One Email That Proves Campaign Finance Laws Are A Joke

Super PACs and candidates can't coordinate, except when they obviously do.

WASHINGTON -- Carly for America, the super PAC backing former Hewlett-Packard CEO Carly Fiorina’s presidential campaign, invited supporters to join a conference call on Thursday with -- Carly Fiorina. Think this required any "coordination" between the supposedly independent super PAC and the candidate?

The email invite from the super PAC informs supporters that "Special Guest Republican Candidate for President Carly Fiorina" will be joining them. At the same time, it contains the necessary legal notice that Carly for America "is an independent expenditure committee and not authorized or coordinated with any federal candidate or candidate's committee."

Carly for America

The problem is that federal campaign coordination laws ban only certain types of cooperation and association between candidates and supposedly independent groups. A candidate cannot have input on the content -- text, video, imagery or other materials -- or the conduct -- strategy, timing or payment -- of a communication. This leaves a lot of other activity open to the interpretation of the Federal Election Commission, which rarely enforces the anti-coordination rules in particular and at this moment is deeply divided on how to enforce its regulations overall.

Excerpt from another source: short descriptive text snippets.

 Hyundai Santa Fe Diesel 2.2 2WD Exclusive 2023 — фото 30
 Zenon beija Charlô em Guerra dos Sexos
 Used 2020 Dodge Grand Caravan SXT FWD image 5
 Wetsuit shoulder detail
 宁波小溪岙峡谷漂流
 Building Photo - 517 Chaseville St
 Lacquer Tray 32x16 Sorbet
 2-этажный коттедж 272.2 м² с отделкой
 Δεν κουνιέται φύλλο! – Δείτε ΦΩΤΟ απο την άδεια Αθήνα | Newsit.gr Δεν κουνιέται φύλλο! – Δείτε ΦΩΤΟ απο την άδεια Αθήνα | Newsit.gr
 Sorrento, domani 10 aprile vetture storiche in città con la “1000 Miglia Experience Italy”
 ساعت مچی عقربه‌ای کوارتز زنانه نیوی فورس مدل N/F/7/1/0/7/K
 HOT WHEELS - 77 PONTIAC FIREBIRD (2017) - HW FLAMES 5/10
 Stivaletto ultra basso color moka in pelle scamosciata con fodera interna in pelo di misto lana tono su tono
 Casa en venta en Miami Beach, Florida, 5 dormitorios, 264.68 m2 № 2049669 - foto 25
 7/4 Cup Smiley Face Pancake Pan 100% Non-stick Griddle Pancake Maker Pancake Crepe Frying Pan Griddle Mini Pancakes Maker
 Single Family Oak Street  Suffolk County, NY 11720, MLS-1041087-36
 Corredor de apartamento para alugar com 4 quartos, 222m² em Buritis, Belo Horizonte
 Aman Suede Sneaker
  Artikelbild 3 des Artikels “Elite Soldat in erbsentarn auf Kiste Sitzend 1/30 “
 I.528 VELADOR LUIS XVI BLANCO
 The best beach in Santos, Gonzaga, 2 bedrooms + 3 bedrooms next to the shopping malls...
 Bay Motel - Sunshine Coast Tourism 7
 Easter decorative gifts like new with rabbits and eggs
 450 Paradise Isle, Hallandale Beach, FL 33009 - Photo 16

FEC gridlock is just one of many reasons why the 2016 presidential campaign has seen a complete meltdown of the notion that candidates don't work with the super PACs and nonprofits supporting them.

Few have gone as far as Fiorina, whose campaign is essentially being run out of the super PAC. The joint conference call with supporters featuring Fiorina but hosted by the super PAC is just one example of this. Staffers at Carly for America -- which has raised $3.4 million so far and will report its donors on Friday -- have taken on such core campaign functions as managing rapid response to press questions, rolling out endorsements of the candidate, funding grassroots organizing and organizing advance work for Fiorina’s appearances.

This is all a far cry from 2012 when Republican presidential nominee Mitt Romney distanced himself from attack ads made by Restore Our Future, the super PAC supporting his bid, by stating that he would go “to the big house” if he so much as urged the super PAC to stop running the ads.

This year, people are talking to each other. Just as Fiorina will speak on her super PAC-organized conference call, former Texas Gov. Rick Perry delivered his anti-Donald Trump speech at a July 22 event hosted by his super PAC, Opportunity and Freedom PAC.